生贄少女と化け狐
ハクヤ村。サージアからさらに東に位置するこの小さな農村は、大きな問題を抱えていた。
それは月に一度、村の若い娘を一人、近隣の洞窟に住むオーガへと差し出さなければならない、ということだ。もし約束を破れば、オーガはいとも容易くこの村を滅ぼすだろう。
オーガは実に狡猾だった。大きな街や主要な都市を狙えば、オーガはあっという間に冒険者ギルドの討伐対象となり、力を持った冒険者たちによって討伐されていただろう。しかし、貧乏な農村を狙えば話は別だ。報酬金が用意できない田舎村の救助など冒険者ギルドは後回しにする。

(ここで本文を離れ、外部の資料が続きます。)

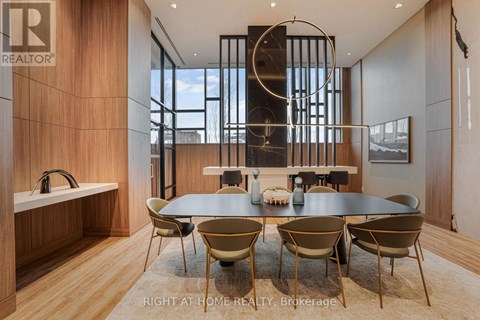A modern dining room with a large table and chairs.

結果ハクヤ村には何の助けも来ないまま、数年の月日が経過していた。
そして今日もまた一人、新たな生贄がオーガの元へ運ばれようとしていた……。
* * *
ハクヤ村の北にある一軒の屋敷。その一室で、少女が眠っていた。
布団の上ですうすうと静かな寝息を立てていたその少女は、パタパタと駆けてくる小さな足音に目を覚ました。
「……コユキちゃん、いるんでしょ?」
目を開けた少女が言う。すると、スッと襖が開き、化け狐の少女――コユキが顔を覗かせた。
「アカネ、寝てなくて大丈夫なん?」
コユキは心配そうに尋ねる。アカネと呼ばれた少女は布団から上体を起こすとにこやかに微笑んだ。
「今日は体調がいいの。大丈夫よ」
「そっか……」
コユキはアカネに近づくと、ぎゅ、とその体を抱きしめた。
「ちょ、ちょっとコユキちゃん」
アカネは頬を赤く染め、恥ずかしそうに言う。コユキは構わずにその体を抱きしめ、首元に顔を埋めた。
「……ずっと寝てたから、汗臭いでしょ」
「ううん。ええ匂い。アカネの匂い」
コユキとアカネはそのまましばらく抱き合っていたが、やがてコユキはパッと顔を上げると、笑顔で告げた。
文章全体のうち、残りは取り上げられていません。